Clinical Science: Concise Communication
Genetic variation at NNRTI resistance-associated positions in patients infected with HIV-1 subtype C
Grossman, Zehava; Istomin, Valerya; Averbuch, Dianab; Lorber, Margalitc; Risenberg, Klarisd; Levi, Itzchake; Chowers, Michalf; Burke, Michaelg; Yaacov, Nimrod Barh; Schapiro, Jonathan Mi; for the Israel AIDS Multi-Center Study Group
From the National HIV Reference Center, Central Virology Lab, Public Health Laboratories, Ministry of Health, aHillel Jaffe Medical Center, Hadera,bHadassah University Hospital, Jerusalem, cRambam Medical Center, Haifa, dSoroka Medical Center and Ben Gurion University, Beer Sheva, eSheba Medical Center, Tel-Hashomer and Tel Aviv University Sackler Medical School, Tel Aviv, fMeir Medical Center, Kfar-Saba, gTel Aviv Sourasky Medical Center and Tel Aviv University Sackler Medical School, Tel Aviv, and the hDepartment of Computer-Science, School of Mathematics, Tel Aviv University, Tel Aviv, Israel. *See Appendix for additional coauthors.

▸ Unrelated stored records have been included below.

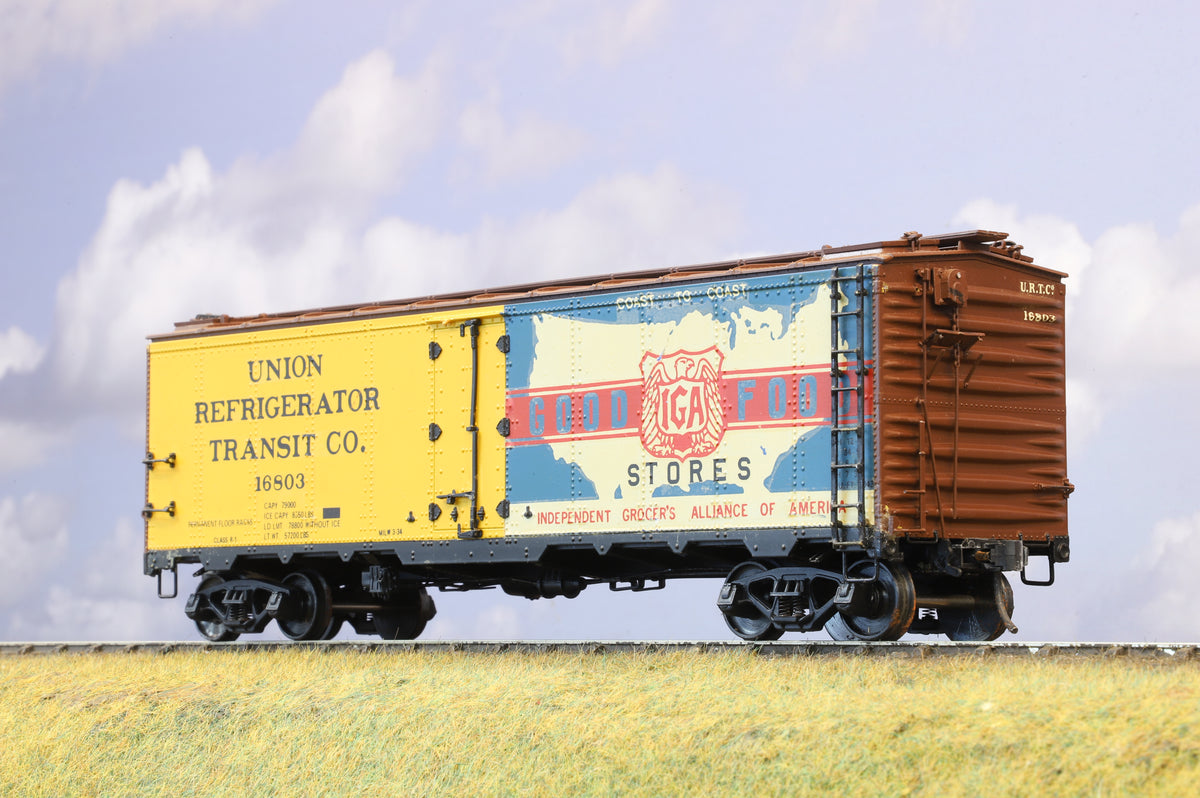 Atlas American O Scale Billboard Reefer Union Refrigerator/IGA Stores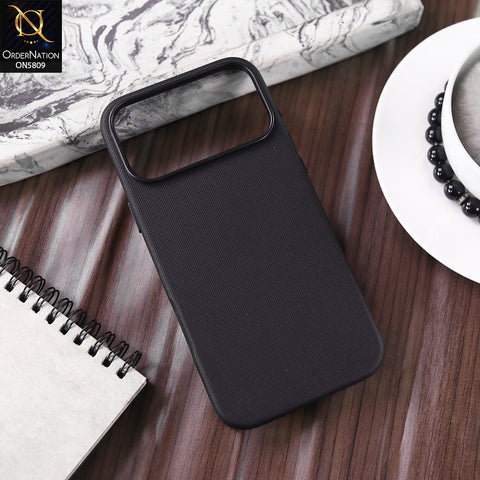 iPhone 17 Pro Max Cover - Black - New premium Quality Tech Woven Design Case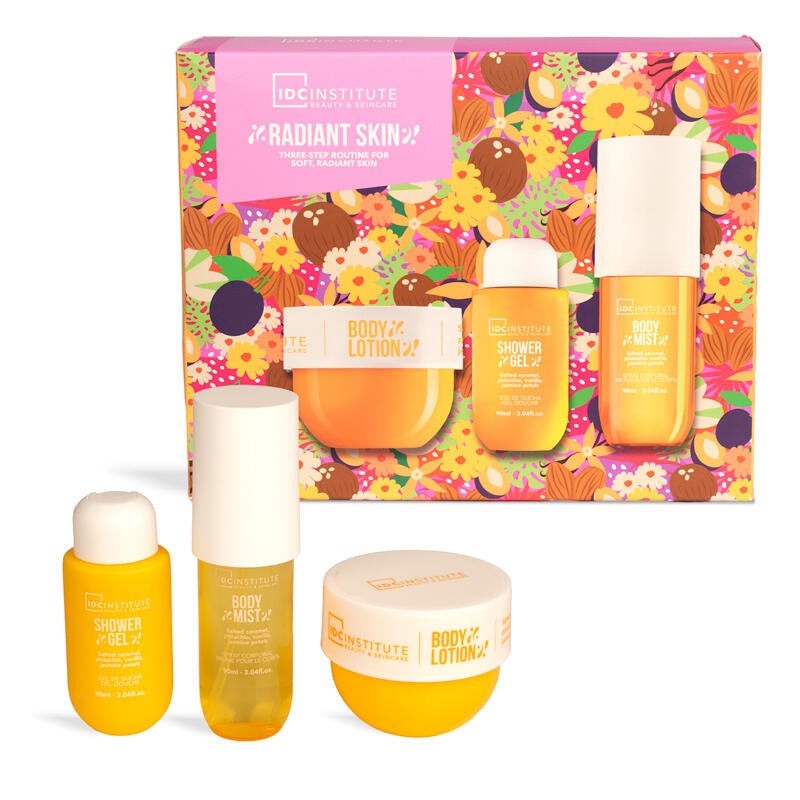 Set Trío Radiant skin: Bruma corporal,gel y crema IDC Institute IDC-35270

Correspondence to Z. Grossman, National HIV Reference Center, Central Virology Lab, Sheba Medical Center, Tel Hashomer 52621, Israel. E-mail: Grossman@sheba.health.gov.il
Received: 2 February 2003; revised: 6 August 2003; accepted: 8 September 2003.
Objective: Genetic differences between subtypes of HIV-1, even when not associated with key resistance mutations, are known to affect baseline susceptibility to specific antiretroviral drugs and resistance-development pathways. We studied the prevalence and patterns of non-nucleoside reverse transcriptase inhibitor (NNRTI)-associated mutations in HIV-1 subtype C-infected patients.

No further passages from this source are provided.